The Juggler, 1943 - by Marc Chagall
The Juggler is a major picture of the American war years. A very serious and mystical painting in the full sense of the word, it is filled with a personal mythology which avoids any literary symbolism. The signs are esoteric and ambiguous; they seem to suggest something real and then shift to the unreal, yet they are readable as an allegory of a personal confession.
The central figure dominating the picture is a circus ballerina with a leg flung up in the kind of acrobatic posture which first appeared in a picture of 1913 (now missing) by Chagall, showing three acrobats; the pose survived in his iconography as a hieroglyph for the circus theme. This representational figure has a cocklike bird's head which is masculine in features and expression; two blossom-white, angelic wings transport this strange hermaphrodite-demon into another world. Thus the figure is woman, man, animal, demon, and angel all at the same time, comprising all manifestations of humanity.

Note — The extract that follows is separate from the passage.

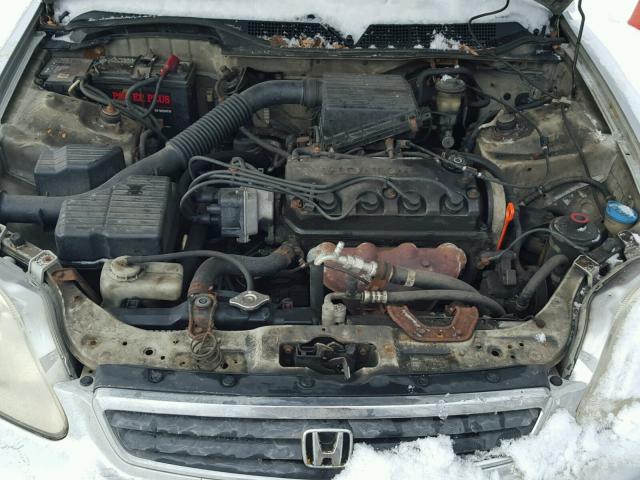 2HGEJ6618YH565269 - 2000 HONDA CIVIC BASE SILVER photo 7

Having become aware of this, one quickly discovers significant references suggested by color. The dark cobalt blue of the dancer's tights, garnished here and there with signs of the moon, identifies the lower part of the figure as belonging to the female, or lunar, zone. Above the light green of the upper garment rises the gold of the cock's head and of the arm which clasps the upflung leg, suggesting without any symbolism but by the resonance of the color alone the masculine, or the solar, element which the cock frequently represents in Chagallian iconography. Above all this are spread the creature's white wings, which lift it toward the heavenly region. Thus the strange figure also incorporates the lunar, the solar, and the numinous - the three zones which enclose the manifestations of humanity mentioned earlier.
Over the outstretched right arm, like a limp rag, hangs an old-fashioned wall clock, Chagall's token for the passage of time. Thus the angel-demon stands for the timeless, the constant, and the eternal in humanity, which is within the reach of the artist above all other persons - though not of the artist as an individual, but of the id of the artist, which is clown, artist, man, woman, demon, and angel all together and belongs simultaneously to the lunar, solar, and numinous spheres. That this is not meant to be the ego of the artist is indicated by the fiddler, Chagall's representative figure for artistic man, who is small and subordinate here and produces his little tune, so to speak, in the bosom of the "super-id."